Data Collected by NDT

When you run NDT, the IP address provided by your Internet Service Provider will be collected along with your measurement results. M-Lab conducts the test and publishes all test results to promote Internet research. NDT does not collect any information about you as an Internet user.

Please review M-Lab’s Privacy Policy to understand what data is collected and how data is used before initiating a test.

Unparsed Raw NDT Data in GCS

All of the raw data and log files from the measurement fleet are archived in their original format and available in Google Cloud Storage. As our parsing and analysis algorithms improve, M-Lab periodically reprocesses all of this archived data.

Generally, BigQuery rows indicate the locations of the raw data from which they were derived. Dedicated users can reconstruct our analysis and in principle fully replicate our parsers. The raw data also includes TCP packet captures (.pcap files) for most NDT tests, however the pcap files are not indexed in BigQuery yet. Details on how M-Lab publishes test data in raw form are provided on our Google Cloud Storage documentation page.

NDT Data in BigQuery

To make NDT data more readily available for research and analysis, M-Lab parses all NDT data into BigQuery tables and views, and makes query access available for free by subscription to a Google Group. Find out more about how to get access on our BigQuery QuickStart page.

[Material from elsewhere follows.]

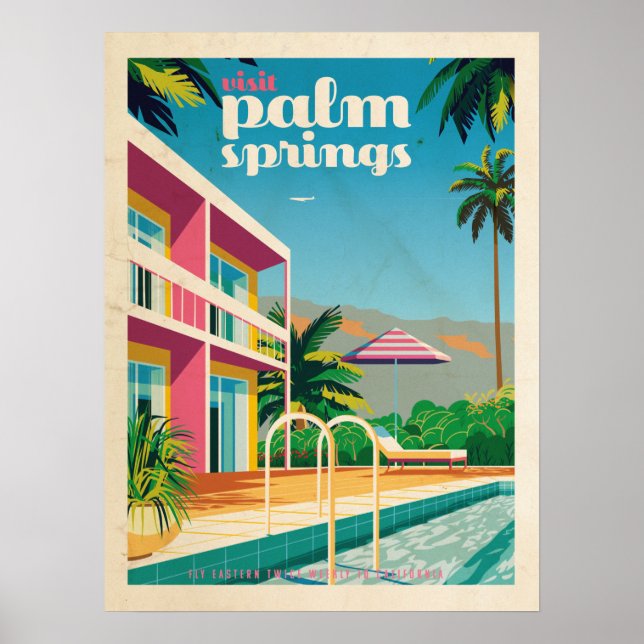 Poster Hotel Retro Palm Primaveras (Frente)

Note that we sometimes use the terms “table” and “view” interchangeably: they reflect different internal implementations, but due to billing and access controls everything documented here as a table is actually presented as a view.

The presentation of NDT data in a series of datasets and views in BigQuery represents M-Lab’s strategy for data curation, providing a cleaned and filtered view of test results that can be used to attempt answering the most common research questions of our community requiring known good test results. By also preserving raw test data as collected and annotated, and curating views in intermediate steps, we can also support users whose research is concerned with unfiltered or non-curated tests.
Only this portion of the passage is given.